Laparoscopic/ Robotic: Other
Moderated Poster Session
Introduction & Objective : To propose an original and standardized scoring system to quantify the functional and anatomical characteristics of adrenal tumor.
Design, setting and participants: To ensure the universality of our proposed scoring system, we enrolledfour groups of consecutive adrenalectomies (n = 458) with heterogeneity in tumor characteristics and surgical approaches, including 212 laparoscopic cases (Group 1) and 105 robotic cases (Group 2) from The First Affiliated Hospital of Nanchang University, 28 robotic cases from Temple University Hospital (Group 3) and 113 laparoscopic cases from The First Affiliated Hospital of Guangxi Medical University (Group 4).
Interventions: Laparoscopic adrenalectomy via retroperitoneal approach and robotic adrenalectomy via retroperitoneal or transperitoneal approach.
Measurements: 6 parameters includingfunctional status or suspicion of malignancy, tumor size, relationship to adjacent organs, intratumoral enhancement on CT, nearness of the tumor to major vessels and body mass index were assessed and scored on a 0 to 2 points scale. Correlation between the sum of the 6 scores and tumor laterality (ADRENAL score) verse operative time (OT), estimated blood loss (EBL) and perioperative complications was analyzed.

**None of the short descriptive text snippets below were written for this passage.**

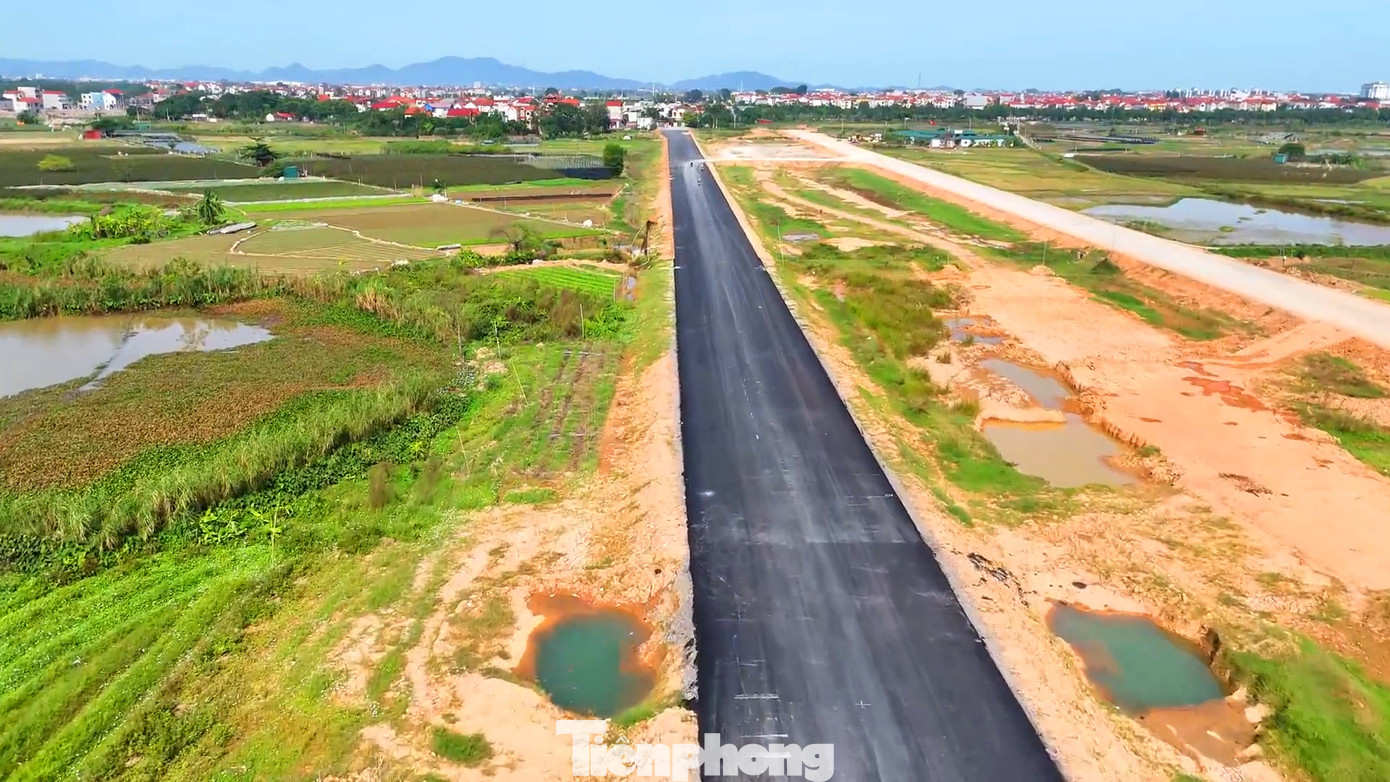 Dự án đường Vành đai 4 qua huyện Mê Linh là một phần của gói thầu xây lắp số 8 có tổng trị giá là gần 1 nghìn tỷ đồng.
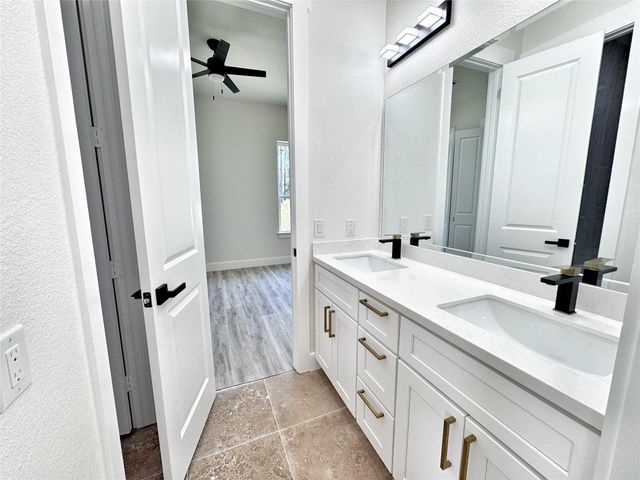 3039 Road 66124, Dayton, TX 77535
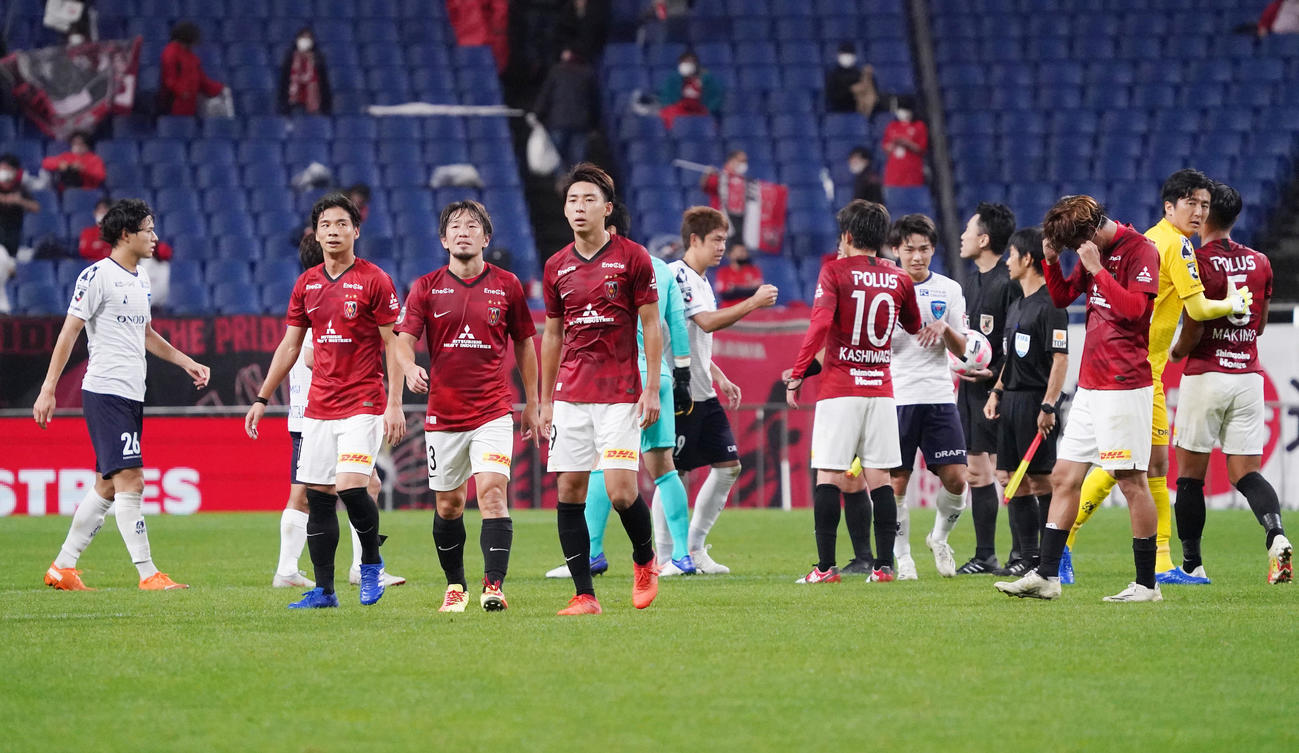 横浜FCに敗れ、肩を落とし引き揚げる浦和イレブン（撮影・菅敏）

ADRENAL score was a strong predictor of both OT and EBL in all four groups (p < 0.05 for all tests). Only in Group 4, patients with higher ADRENAL score seemed to have a higher risk of perioperative complication.
Conclusions : ADRENAL score seemed to correlate with surgical outcomes and complications. It may provide a common reference for preoperative risk assessment and stratified comparative analysis of adrenal surgeries via different techniques and approaches.